▶ Records from a collection
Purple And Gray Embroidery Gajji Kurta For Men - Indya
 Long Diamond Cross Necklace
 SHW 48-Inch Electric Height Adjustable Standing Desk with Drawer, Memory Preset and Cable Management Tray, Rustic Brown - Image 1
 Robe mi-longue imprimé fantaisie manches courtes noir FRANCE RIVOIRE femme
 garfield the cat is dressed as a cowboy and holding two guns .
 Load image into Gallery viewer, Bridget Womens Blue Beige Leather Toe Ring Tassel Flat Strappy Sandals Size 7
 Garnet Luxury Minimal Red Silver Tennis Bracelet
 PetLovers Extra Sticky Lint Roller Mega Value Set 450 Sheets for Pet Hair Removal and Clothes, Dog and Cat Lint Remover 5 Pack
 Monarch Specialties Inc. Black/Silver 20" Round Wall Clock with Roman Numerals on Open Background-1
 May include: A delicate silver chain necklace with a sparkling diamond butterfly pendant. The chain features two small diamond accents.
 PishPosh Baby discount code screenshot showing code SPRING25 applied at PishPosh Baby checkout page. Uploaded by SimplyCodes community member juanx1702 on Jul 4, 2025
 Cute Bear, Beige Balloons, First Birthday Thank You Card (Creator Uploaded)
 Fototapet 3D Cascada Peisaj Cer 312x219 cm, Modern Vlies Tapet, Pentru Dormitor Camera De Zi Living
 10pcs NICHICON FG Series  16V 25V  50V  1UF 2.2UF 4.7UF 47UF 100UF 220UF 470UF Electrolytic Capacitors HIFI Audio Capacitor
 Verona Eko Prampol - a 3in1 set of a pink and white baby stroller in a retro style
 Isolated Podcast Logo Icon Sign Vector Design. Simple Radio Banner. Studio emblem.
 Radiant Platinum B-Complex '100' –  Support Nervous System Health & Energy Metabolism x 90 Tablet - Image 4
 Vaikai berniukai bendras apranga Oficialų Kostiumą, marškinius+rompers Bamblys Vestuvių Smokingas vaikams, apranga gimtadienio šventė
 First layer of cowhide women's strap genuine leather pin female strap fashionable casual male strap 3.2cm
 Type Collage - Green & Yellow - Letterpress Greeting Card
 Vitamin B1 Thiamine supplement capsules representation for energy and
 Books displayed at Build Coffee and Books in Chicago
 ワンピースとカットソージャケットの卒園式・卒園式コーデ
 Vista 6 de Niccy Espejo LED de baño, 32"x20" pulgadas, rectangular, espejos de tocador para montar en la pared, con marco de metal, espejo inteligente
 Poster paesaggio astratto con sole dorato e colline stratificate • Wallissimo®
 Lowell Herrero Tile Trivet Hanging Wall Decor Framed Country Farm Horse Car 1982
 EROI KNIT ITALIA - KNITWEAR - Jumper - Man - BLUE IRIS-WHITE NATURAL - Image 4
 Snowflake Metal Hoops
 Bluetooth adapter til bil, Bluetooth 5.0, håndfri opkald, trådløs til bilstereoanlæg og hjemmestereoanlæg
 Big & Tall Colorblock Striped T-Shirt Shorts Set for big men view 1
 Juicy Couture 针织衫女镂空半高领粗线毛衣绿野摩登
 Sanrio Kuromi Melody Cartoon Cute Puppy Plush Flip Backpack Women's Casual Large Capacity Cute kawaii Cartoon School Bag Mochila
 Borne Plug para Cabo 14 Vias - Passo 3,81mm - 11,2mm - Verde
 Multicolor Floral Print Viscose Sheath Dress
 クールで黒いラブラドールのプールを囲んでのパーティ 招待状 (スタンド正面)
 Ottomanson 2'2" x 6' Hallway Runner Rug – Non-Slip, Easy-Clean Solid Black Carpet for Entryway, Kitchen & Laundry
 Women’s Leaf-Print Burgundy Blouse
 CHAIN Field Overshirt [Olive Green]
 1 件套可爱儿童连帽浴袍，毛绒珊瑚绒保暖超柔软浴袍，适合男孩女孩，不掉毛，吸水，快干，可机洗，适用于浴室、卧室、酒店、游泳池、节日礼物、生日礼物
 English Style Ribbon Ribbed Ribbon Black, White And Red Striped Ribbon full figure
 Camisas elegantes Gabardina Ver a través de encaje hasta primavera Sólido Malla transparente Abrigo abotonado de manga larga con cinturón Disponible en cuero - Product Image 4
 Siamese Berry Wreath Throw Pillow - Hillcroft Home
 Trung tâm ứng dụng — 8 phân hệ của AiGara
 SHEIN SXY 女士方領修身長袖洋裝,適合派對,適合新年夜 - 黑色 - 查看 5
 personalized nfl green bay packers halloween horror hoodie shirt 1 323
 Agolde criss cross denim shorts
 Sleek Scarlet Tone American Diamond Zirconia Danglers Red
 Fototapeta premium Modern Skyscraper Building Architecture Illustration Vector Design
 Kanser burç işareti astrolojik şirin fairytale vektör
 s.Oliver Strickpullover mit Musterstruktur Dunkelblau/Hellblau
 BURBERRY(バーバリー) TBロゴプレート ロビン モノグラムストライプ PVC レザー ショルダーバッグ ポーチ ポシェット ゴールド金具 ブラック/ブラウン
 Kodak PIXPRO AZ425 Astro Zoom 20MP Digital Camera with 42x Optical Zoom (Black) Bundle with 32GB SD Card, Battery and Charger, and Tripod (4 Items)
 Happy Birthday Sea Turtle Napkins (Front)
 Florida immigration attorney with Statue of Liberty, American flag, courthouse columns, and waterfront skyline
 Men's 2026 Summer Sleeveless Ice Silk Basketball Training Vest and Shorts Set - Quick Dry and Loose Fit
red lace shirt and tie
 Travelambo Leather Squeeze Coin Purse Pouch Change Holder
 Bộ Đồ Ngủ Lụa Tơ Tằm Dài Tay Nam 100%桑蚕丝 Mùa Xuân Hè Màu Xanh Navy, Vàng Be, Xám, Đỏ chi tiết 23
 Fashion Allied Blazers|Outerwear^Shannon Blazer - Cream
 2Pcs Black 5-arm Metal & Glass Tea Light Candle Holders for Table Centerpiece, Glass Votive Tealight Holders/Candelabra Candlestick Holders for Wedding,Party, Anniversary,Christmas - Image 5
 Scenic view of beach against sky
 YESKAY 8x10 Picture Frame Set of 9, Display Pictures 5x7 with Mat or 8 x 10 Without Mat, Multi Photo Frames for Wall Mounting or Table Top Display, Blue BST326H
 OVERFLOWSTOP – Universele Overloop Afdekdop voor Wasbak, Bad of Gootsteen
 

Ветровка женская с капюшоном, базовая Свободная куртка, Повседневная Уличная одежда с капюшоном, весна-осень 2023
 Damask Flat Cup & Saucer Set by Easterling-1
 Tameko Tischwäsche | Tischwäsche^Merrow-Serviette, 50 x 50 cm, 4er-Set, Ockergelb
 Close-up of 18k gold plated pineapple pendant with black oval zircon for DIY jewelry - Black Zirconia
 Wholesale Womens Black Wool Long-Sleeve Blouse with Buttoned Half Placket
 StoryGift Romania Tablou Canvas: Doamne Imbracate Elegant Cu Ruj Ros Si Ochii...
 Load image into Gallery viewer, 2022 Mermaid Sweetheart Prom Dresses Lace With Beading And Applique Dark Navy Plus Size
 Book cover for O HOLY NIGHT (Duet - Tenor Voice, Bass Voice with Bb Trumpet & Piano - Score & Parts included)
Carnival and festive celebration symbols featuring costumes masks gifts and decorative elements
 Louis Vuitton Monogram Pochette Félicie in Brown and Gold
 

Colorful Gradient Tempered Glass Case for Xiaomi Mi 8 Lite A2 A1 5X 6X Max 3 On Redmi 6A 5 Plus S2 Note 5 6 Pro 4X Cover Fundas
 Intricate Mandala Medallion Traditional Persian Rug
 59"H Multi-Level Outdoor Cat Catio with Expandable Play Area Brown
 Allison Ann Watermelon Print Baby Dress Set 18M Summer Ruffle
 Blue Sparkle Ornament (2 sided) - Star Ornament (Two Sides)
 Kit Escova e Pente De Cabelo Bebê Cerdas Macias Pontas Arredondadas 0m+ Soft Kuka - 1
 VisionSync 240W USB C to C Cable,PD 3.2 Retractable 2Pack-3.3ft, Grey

▶ Problem statement
In the entries above, please find the line with "Vaikai berniukai bendras" and the line with "Vista 6 de Niccy", then write out exactly those two lines and every line between them, and nothing more.

▶ Your solution
 Vaikai berniukai bendras apranga Oficialų Kostiumą, marškinius+rompers Bamblys Vestuvių Smokingas vaikams, apranga gimtadienio šventė
 First layer of cowhide women's strap genuine leather pin female strap fashionable casual male strap 3.2cm
 Type Collage - Green & Yellow - Letterpress Greeting Card
 Vitamin B1 Thiamine supplement capsules representation for energy and
 Books displayed at Build Coffee and Books in Chicago
 ワンピースとカットソージャケットの卒園式・卒園式コーデ
 Vista 6 de Niccy Espejo LED de baño, 32"x20" pulgadas, rectangular, espejos de tocador para montar en la pared, con marco de metal, espejo inteligente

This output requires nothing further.